RECHTBANK MIDDEN-NEDERLAND
Zittingsplaats Utrecht
Bestuursrecht
zaaknummer: UTR 24/1140

uitspraak van de enkelvoudige kamer van 27 februari 2025 in de zaak tussen

[eiser], uit [woonplaats] , eiser,

(gemachtigde: mr. J.W. Vugts),
en

De heffingsambtenaar van de gemeente Huizen, verweerder,

(gemachtigde: I. Beek).

Inleiding

Deze uitspraak gaat over het beroep dat eiser heeft ingesteld op 11 januari 2024, omdat de heffingsambtenaar niet tijdig heeft beslist op zijn aanvraag van 3 mei 2023 om aan hem een WOZ-beschikking op naam toe te zenden.

Overwegingen

1. De rechtbank stelt voorop dat een betrokkene beroep kan instellen bij de rechtbank als een bestuursorgaan niet op tijd beslist op een aanvraag of bezwaarschrift.

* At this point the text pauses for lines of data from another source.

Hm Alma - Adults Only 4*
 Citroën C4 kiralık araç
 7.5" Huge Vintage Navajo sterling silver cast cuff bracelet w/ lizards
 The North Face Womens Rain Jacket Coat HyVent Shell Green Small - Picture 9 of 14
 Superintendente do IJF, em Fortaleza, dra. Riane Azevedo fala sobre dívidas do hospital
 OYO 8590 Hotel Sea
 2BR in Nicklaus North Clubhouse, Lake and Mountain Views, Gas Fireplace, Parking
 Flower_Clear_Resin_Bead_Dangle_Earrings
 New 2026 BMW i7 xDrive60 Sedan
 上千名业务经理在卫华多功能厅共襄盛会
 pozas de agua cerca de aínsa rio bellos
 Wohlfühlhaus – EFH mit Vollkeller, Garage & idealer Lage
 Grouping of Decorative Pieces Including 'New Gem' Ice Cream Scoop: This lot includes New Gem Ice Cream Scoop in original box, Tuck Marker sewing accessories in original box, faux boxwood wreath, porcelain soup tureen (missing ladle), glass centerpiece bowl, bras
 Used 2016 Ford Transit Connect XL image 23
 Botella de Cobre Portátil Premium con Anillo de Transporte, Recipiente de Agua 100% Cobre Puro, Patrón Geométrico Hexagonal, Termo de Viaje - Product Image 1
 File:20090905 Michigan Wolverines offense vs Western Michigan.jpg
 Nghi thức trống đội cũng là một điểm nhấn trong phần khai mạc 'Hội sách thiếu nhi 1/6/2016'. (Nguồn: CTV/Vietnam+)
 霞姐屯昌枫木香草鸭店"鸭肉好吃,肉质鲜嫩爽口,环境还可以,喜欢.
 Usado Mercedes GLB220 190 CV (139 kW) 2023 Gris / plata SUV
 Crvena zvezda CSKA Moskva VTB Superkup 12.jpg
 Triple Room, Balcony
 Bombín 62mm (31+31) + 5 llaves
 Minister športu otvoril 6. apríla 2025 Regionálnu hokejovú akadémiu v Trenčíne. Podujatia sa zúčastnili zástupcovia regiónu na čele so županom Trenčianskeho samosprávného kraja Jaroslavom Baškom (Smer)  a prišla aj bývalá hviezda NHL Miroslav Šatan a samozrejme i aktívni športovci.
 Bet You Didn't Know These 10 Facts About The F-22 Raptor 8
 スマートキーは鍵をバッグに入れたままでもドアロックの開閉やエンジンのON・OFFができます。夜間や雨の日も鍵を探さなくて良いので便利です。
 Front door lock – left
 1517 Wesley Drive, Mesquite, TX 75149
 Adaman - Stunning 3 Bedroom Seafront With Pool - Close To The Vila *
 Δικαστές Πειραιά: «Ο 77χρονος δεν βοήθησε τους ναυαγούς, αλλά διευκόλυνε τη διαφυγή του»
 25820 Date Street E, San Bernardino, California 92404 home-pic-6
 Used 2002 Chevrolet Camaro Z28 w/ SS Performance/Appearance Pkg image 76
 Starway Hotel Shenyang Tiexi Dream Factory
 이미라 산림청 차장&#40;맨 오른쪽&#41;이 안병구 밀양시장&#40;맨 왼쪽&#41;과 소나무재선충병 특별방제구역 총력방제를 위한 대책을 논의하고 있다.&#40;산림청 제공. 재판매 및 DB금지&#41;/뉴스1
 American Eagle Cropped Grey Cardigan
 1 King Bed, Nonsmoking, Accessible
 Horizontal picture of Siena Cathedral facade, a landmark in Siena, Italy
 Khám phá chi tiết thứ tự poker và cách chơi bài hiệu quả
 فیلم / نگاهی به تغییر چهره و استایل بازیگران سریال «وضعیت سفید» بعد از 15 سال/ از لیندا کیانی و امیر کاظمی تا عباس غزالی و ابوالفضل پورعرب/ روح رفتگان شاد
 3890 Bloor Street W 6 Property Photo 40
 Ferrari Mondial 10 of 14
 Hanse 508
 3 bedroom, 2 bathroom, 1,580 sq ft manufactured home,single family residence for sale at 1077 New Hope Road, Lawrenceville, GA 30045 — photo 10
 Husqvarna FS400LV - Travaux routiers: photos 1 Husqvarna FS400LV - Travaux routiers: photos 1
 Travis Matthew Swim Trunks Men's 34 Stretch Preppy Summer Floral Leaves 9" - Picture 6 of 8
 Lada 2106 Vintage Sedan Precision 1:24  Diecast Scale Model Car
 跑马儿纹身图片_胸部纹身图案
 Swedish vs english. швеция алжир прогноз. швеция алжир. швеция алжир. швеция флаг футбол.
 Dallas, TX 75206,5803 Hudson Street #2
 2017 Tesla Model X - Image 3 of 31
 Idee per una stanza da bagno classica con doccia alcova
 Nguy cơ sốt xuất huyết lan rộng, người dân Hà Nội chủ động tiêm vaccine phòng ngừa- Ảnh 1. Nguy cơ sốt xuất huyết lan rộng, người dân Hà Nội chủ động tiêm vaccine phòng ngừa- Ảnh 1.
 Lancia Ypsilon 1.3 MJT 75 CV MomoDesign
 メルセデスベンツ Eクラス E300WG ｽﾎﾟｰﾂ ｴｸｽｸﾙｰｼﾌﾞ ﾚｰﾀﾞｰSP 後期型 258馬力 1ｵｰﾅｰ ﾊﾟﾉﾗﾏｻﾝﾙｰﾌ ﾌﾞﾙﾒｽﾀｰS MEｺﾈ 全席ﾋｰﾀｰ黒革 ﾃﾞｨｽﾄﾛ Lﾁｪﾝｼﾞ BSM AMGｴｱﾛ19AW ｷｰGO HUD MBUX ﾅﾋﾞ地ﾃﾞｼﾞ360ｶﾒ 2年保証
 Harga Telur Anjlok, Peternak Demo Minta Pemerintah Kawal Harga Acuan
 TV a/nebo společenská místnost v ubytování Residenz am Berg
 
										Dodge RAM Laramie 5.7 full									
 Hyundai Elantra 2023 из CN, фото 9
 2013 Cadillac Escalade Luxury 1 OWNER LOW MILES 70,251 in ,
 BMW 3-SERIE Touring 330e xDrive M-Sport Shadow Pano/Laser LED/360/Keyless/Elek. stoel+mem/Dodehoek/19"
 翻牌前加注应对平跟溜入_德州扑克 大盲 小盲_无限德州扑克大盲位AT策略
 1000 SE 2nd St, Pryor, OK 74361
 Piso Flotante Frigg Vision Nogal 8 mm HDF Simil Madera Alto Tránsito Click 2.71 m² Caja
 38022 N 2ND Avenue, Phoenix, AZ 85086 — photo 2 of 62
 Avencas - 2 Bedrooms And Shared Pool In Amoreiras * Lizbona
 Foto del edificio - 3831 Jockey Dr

Voordat betrokkene beroep kan instellen, moet hij per brief aan het bestuursorgaan laten weten dat binnen twee weken alsnog beslist moet worden op zijn aanvraag of bezwaar (de zogenoemde ingebrekestelling). Als er na die twee weken nog steeds geen besluit is, dan kan de betrokkene beroep instellen. [1]
2. De rechtbank stelt vast dat eiser per e-mail op vrijdag 29 december 2023 naar zijn gemachtigde de door hem ontvangen WOZ-beschikking op naam heeft toegezonden. Op 11 januari 2024 heeft eiser bij de rechtbank beroep ingesteld, omdat de door hem aangevraagde WOZ-beschikking op naam uitbleef. Voorafgaand aan het instellen van dit beroep bij de rechtbank was eiser dus al bekend met de WOZ-beschikking op naam. Dat betekent dat het beroep van eiser tegen het niet tijdig beslissen op zijn aanvraag niet-ontvankelijk is. Een beroep tegen het niet tijdig beslissen kan namelijk alleen maar worden ingesteld zolang er nog geen besluit is.
3. De rechtbank komt niet toe aan de beoordeling van de overige gronden van eiser. Voor een proceskostenveroordeling bestaat ook geen aanleiding.

Beslissing

De rechtbank verklaart beroep niet-ontvankelijk.
Deze uitspraak is gedaan door mr. E.M. van der Linde, rechter, in aanwezigheid van mr. R. van Manen, griffier. De uitspraak is uitgesproken in het openbaar op 27 februari 2025.
griffier
rechter
Een afschrift van deze uitspraak is verzonden aan partijen op:

Informatie over hoger beroep

Een partij die het niet eens is met deze uitspraak, kan een hogerberoepschrift sturen naar het gerechtshof Arnhem-Leeuwarden waarin wordt uitgelegd waarom deze partij het niet eens is met deze uitspraak. Het hogerberoepschrift moet worden ingediend binnen zes weken na de dag waarop deze uitspraak is verzonden.
Digitaal hoger beroep instellen kan via “Formulieren en inloggen” op www.rechtspraak.nl. Hoger beroep instellen kan eventueel ook nog steeds door verzending van een brief aan het gerechtshof Arnhem-Leeuwarden (belastingkamer), Locatie Arnhem, Postbus 9030, 6800 EM Arnhem.
Kan de indiener de behandeling van het hoger beroep niet afwachten, omdat de zaak spoed heeft, dan kan de indiener de voorzieningenrechter van het gerechtshof Arnhem-Leeuwarden vragen om een voorlopige voorziening (een tijdelijke maatregel) te treffen.

Voetnoten

1.Dit staat (onder andere) in artikel 6:12 van de Awb.